◆ **Directions for this task**
Print out the data that follows exactly, character for character, apart from the pictures.

◆ **Supplied information**
■ ■ ■ ■

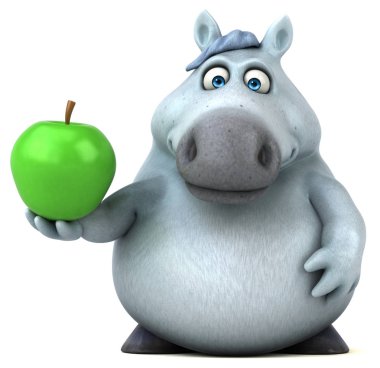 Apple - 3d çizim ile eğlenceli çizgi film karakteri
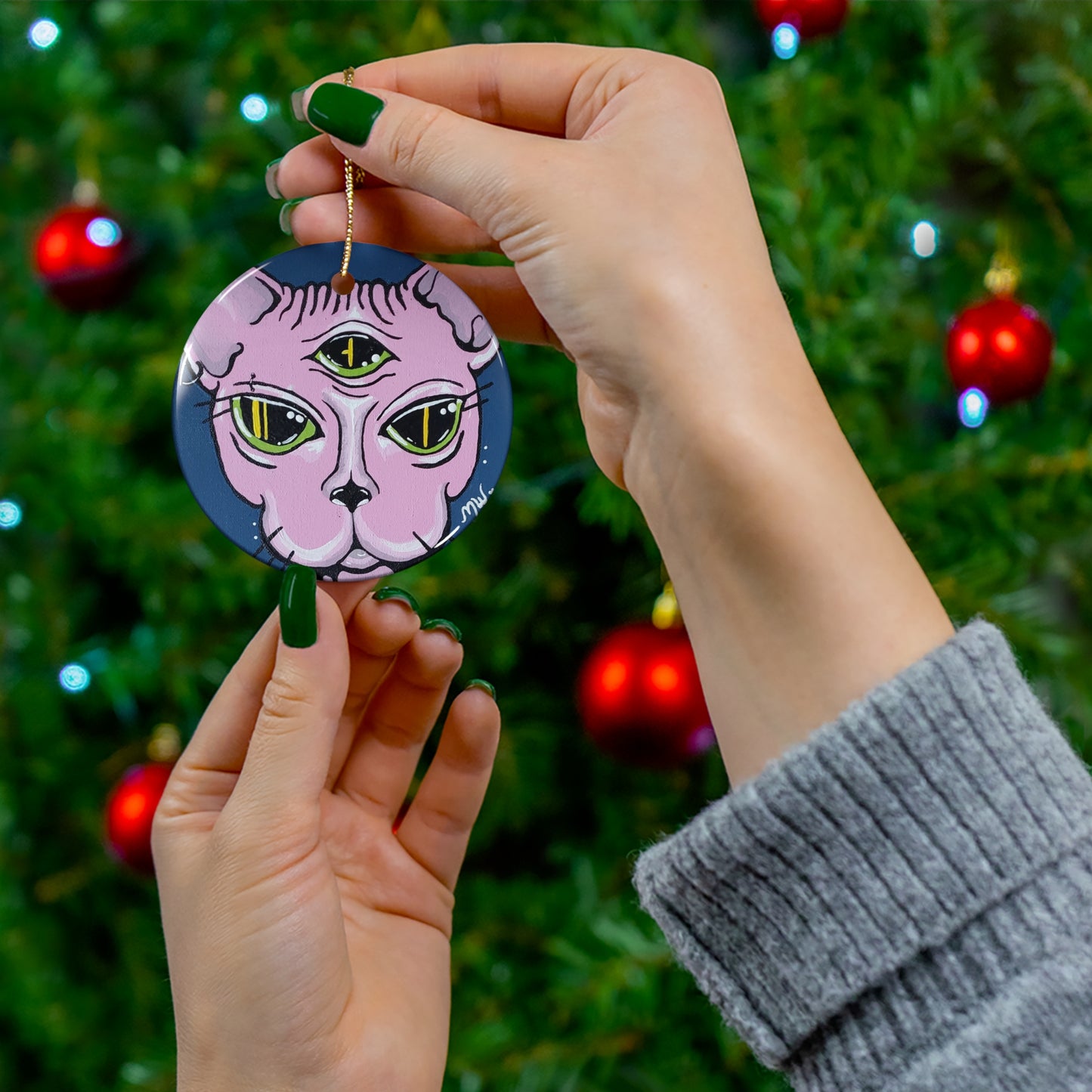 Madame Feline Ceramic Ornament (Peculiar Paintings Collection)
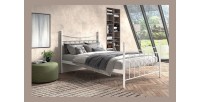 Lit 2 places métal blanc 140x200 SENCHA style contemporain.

■ ■ ■ ■

◆ **Solution below**
 Apple - 3d çizim ile eğlenceli çizgi film karakteri
 Madame Feline Ceramic Ornament (Peculiar Paintings Collection)
 Lit 2 places métal blanc 140x200 SENCHA style contemporain.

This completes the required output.